# Cauldron Creep



## Devils Chariot (May 23, 2007)

After much consternation, fiddling, and changing my mind for 4 months I finished my first cauldron prop. I like ScareFx's witch, but http://flickr.com/photos/kreggg/sets/72157608623037878/ don't have European witches, and I wanted my cannibals to be a tribe of undead, so I made a skeleton instead.

Here is what I started out with in my head, sketching at work last year on lunch break:










and here is how he turned out:




























and a video:






Thanks for looking. If you want to learn how he was made, you can read about him in my general prop discussion thread here.


----------



## SoCal Scare (Aug 3, 2007)

*That thing is great*. Good work


----------



## Lilly (Jun 13, 2006)

I really like this ..
that first pic is cool


----------



## slightlymad (May 25, 2006)

I love it


----------



## Hauntiholik (May 17, 2006)

He's just awesome!


----------



## DeadSpider (Feb 3, 2006)

So cool.

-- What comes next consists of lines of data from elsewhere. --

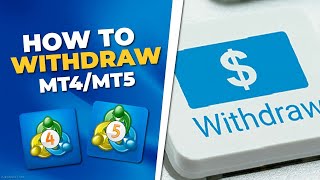 HOW TO WITHDRAW FROM METATRADER 4 AND 5 [upl. by Pessa]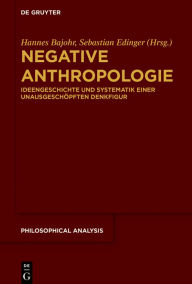 Title: Negative Anthropologie: Ideengeschichte und Systematik einer unausgeschöpften Denkfigur, Author: Hannes Bajohr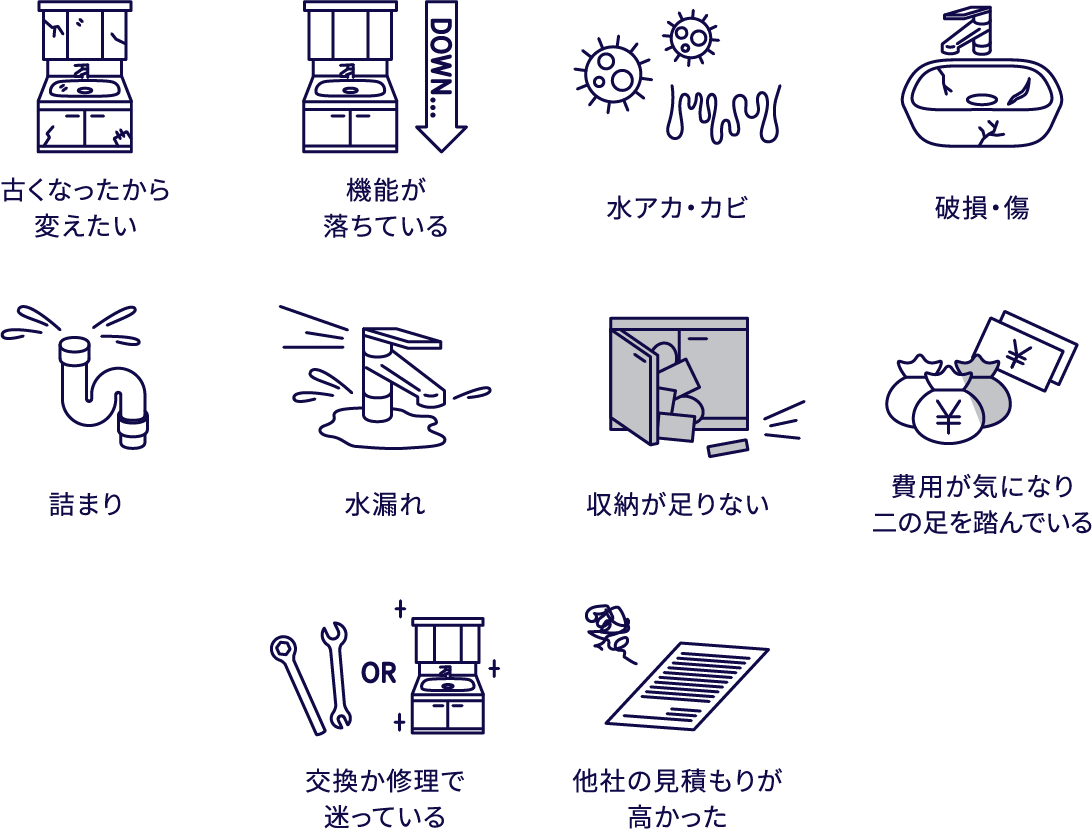 古くなったから変えたい・機能が落ちている・水アカ・カビ・破損・傷・つまり・水漏れ・収納が足りない・費用が気になり二の足を踏んでいる・交換か修理で迷っている・他社の見積もりが高かった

I love it. 

.. hmm that's been said already hasn't it?
I havent had enuff coffee yet to think of anything original to say, but I really really like your work.


----------



## RoxyBlue (Oct 6, 2008)

Can I adopt him?


----------



## Bloodhound (Oct 16, 2007)

Your tiki witch turned out awesome.


----------



## Scary Godmother (Oct 13, 2007)

That is so awesome, great name for it also!:jol:


----------



## Ghostess (Aug 21, 2005)

That first picture is freakin' awesome.... he's a great prop!


----------



## consultlkr (Sep 9, 2008)

He's absolutely crazy! Are you going to post any additional instructions in the general prop thread? 

Where did you learn to draw like that?????


----------